You have speculated along the same lines as many have done. I speculated in a similar manner in my recent post. Process termination will become a thorny issue if the processes develop personalities, worldviews, ethics, etc. The recent thread 'death follows European contact' inspired me to think a bit more about what our 'first contact' with AIs will be like.

> One could go on fantasizing about the shape of minds to come for a long
> time but none of us, not even AI researchers, have enough knowledge to make
> any but the most trivial predictions. However, since the design space of
> minds in general is much larger than the tiny area explored by evolution in
> the making of humans, I am reasonably sure the minds spawned by evolution
> in the computational substrate, under much different pressures, will be
> just too weird to have such human proclivities that produce our -isms.
> 

You're right about some, maybe even many, of our -isms. These entities almost certainly won't have a sex in our sense of the word and will reproduce in something probably resembling an engineering design process. So sexism would be gone for them. Hooray, if you eliminate the sexes we can finally eliminate sexism, or at least 'for them'.

How about the environment? Unless this universe collapses there will always be an environment. Environmentalism can't go away.

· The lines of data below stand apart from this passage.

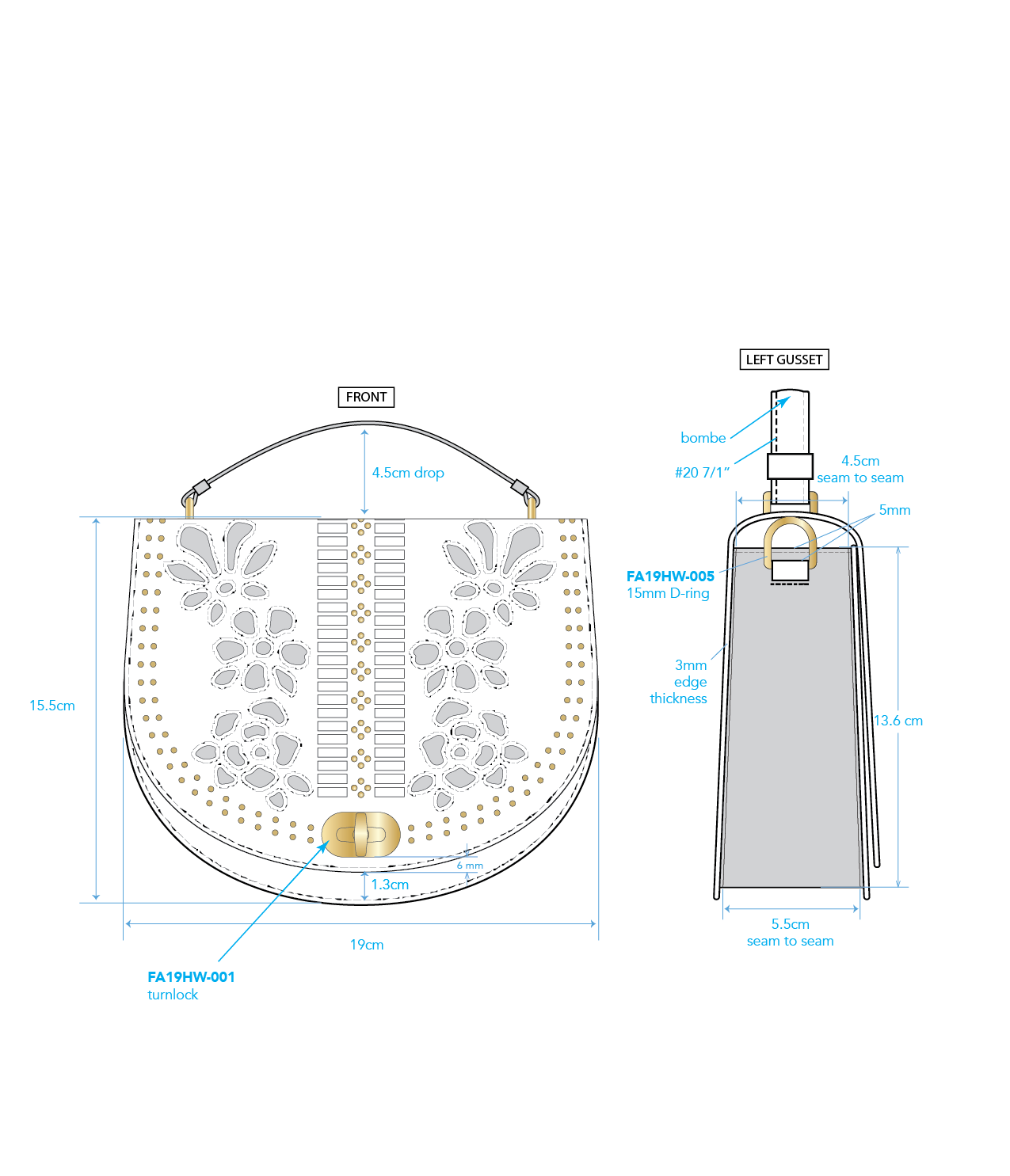 Technical Drawings-08.png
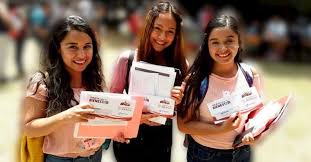 Las becas jóvenes escribiendo el futuro para educación superior incluyen un monto mensual de $2,400 durante los 10 meses que dura el ciclo escolar. Quieres Registrarte A La Beca Jovenes Escribiendo El Futuro Aqui Te Decimos Como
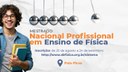 Confira o edital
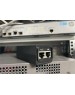 Ubiquiti POE-24-24W-G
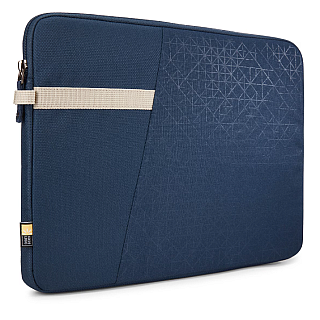 Case Logic IBRS214 Ibira Ноутбук Sleeve 14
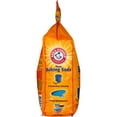 thumbnail image 3 of Arm & Hammer Pure Baking Soda (15 lbs.), 3 of 14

How about socialism? Unless there is only one entity, yourself, that you are aware of there will always be some sort of society. Socialism can't go away.

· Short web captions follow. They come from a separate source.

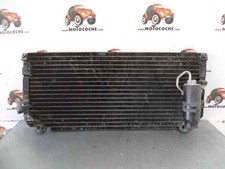 8846012480 Air Conditioning Condenser Toyota Corolla Liftback 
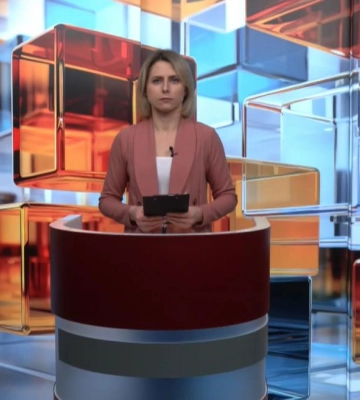 Денні новини Рівного та області за 27 січня 2024 року (ВІДЕО)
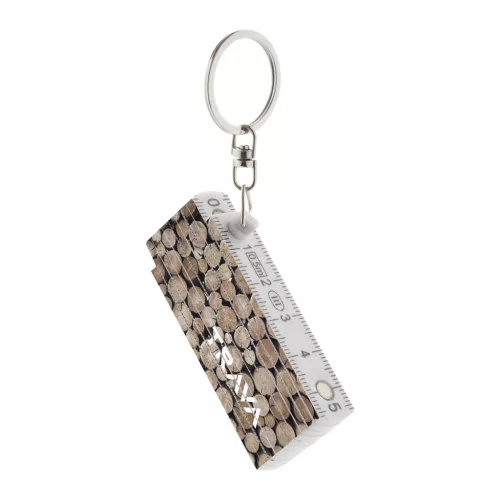 Cabinet mini colostok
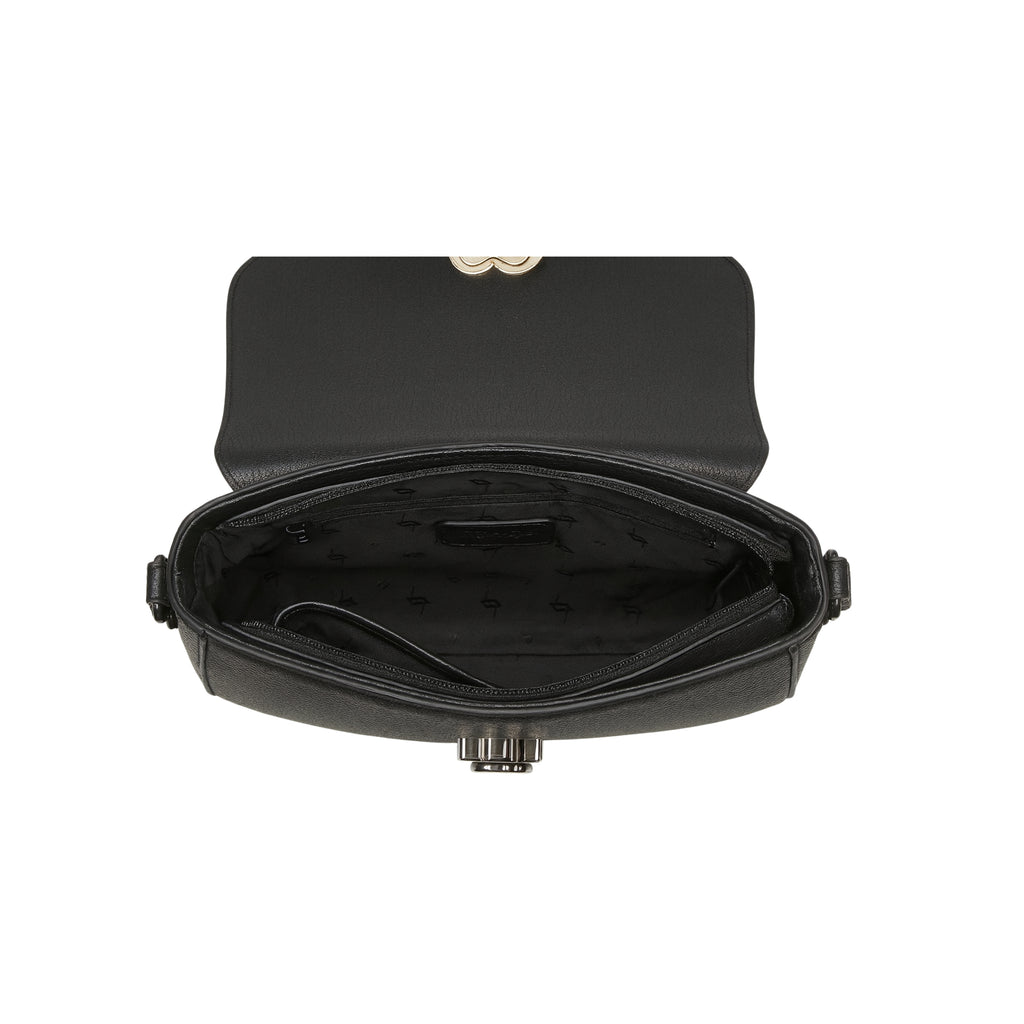 Borsa Mini Arden - Verde Fashion
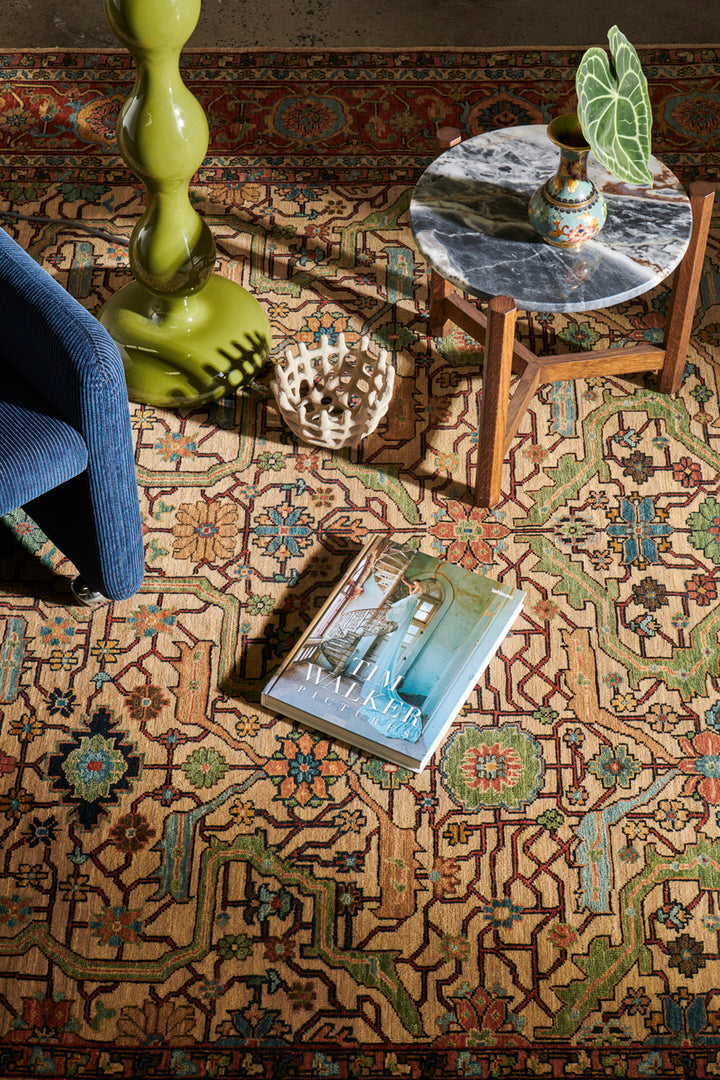 Hali Melbourne Store Location Hali Rugs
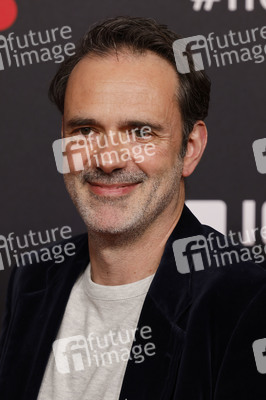 Filmscreening 'Das Weiße Haus am Rhein', Film Festival Cologne 2021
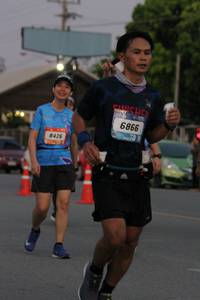 BIB: 8426, 6866
                            <button type="button" onclick="openModal(3391086)" class="btn btn-primary btn-sm float-right btn-popup" data-toggle="modal" data-target=".modal-high-quality">
                        <i class="fas fa-shopping-cart"></i> Add to Cart
                    </button>
                                            <button type="button" onclick="isThisMe(3391086, true)" class="btn btn-success btn-sm float-right btn-popup btn-isme hidden" data-toggle="tooltip" data-placement="bottom" title="นี่คือรูปของคุณใช่ไหม คลิกที่นี่เพื่อเอาเข้าอัลบั้ม">
                        <i class="fas fa-plus"></i> Add to album
                    </button>
                    <button type="button" onclick="isThisMe(3391086, false)" class="btn btn-warning btn-sm float-right btn-popup btn-isnotme hidden">
                        <i class="fas fa-ban"></i> Remove from album
                    </button>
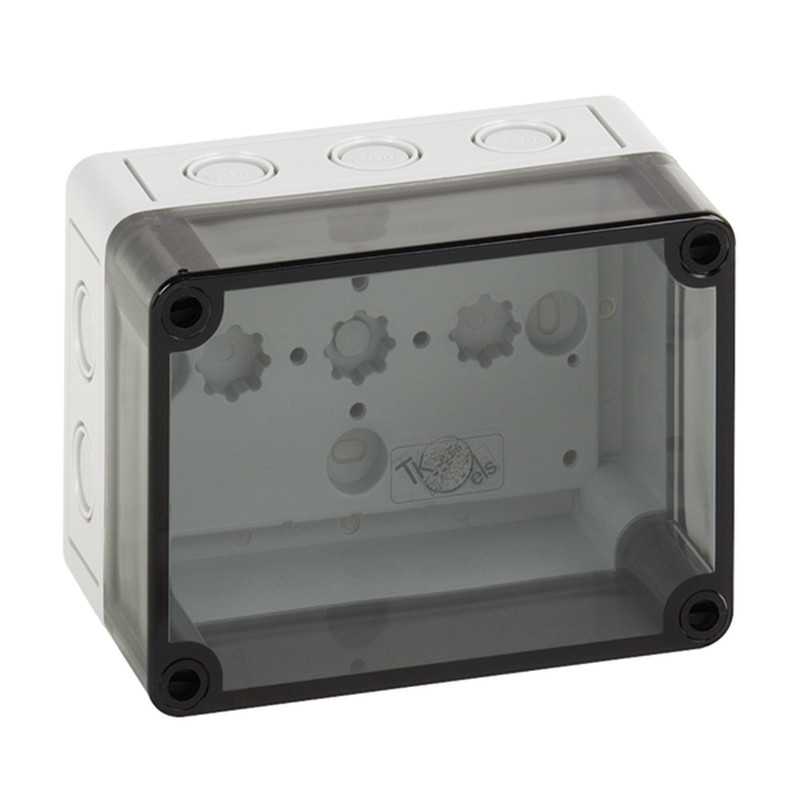 PC1309-8-tm - 137-509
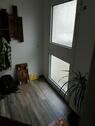 Foto - 3 Zimmer Etagenwohnung in Wuppertal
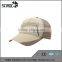 blank 6 panel snapback baseball running snapback cap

I am trying to speak of a socialism which is connected to the environment because the environment is a REAL and measurable thing. I am speaking against capitalism because it is a UNREAL and measurable thing. Money is a very useful tool for facilitating exchanges and nothing more.

Money is a trust symbol. Capitalism is the accumulation of trust symbols for the sake of accumulating trust symbols. Once someone accumulates too many trust symbols there are not enough trust symbols to go around and the system collapses. I think basic human psychology drives the crash cycle in capitalism.

If we manage to move into a post-scarcity economy with entities that have long transaction histories we should be able to move away from the 'prisoner's dilemma' and 'there's a sucker born every minute' capitalist scenario we are in.

> And there is nothing anybody can do about it. Technology does what
> technology wants. I think I have been lately becoming a techno-fatalist,
> although not in a sad or depressed manner. The future will be very cool,
> with or without beings recognizably human.
> 
> Rafal

You, as a researcher Rafal, are creating the technology. You can create many things and I'm sure you can probably imagine enough research projects to fill up a 'normal' human lifetime. There is nothing inevitable about any particular technology. 

I agree the future will be very cool, especially if we can recognise more things as being 'human'.